### [RECORDED INFORMATION]
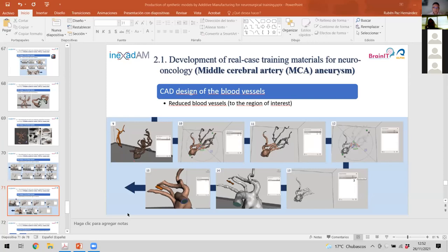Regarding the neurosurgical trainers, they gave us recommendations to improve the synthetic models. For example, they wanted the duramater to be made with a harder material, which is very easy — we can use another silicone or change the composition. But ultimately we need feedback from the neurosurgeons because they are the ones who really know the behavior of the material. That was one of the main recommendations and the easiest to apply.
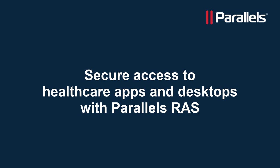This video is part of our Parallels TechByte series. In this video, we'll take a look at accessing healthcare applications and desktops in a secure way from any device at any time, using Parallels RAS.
* * *
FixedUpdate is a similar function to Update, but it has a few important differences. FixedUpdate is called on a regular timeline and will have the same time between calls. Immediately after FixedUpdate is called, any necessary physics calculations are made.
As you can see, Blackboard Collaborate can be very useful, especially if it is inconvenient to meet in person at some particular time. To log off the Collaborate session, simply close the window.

### [TASK ITEM]
Working from the data above, repeat exactly, and only, the lines that begin at the line containing "Regarding the neurosurgical" and stop after the line containing "This video is"; pictures are not copied.

### [RESULT FOR THIS TASK]
Regarding the neurosurgical trainers, they gave us recommendations to improve the synthetic models. For example, they wanted the duramater to be made with a harder material, which is very easy — we can use another silicone or change the composition. But ultimately we need feedback from the neurosurgeons because they are the ones who really know the behavior of the material. That was one of the main recommendations and the easiest to apply.
This video is part of our Parallels TechByte series. In this video, we'll take a look at accessing healthcare applications and desktops in a secure way from any device at any time, using Parallels RAS.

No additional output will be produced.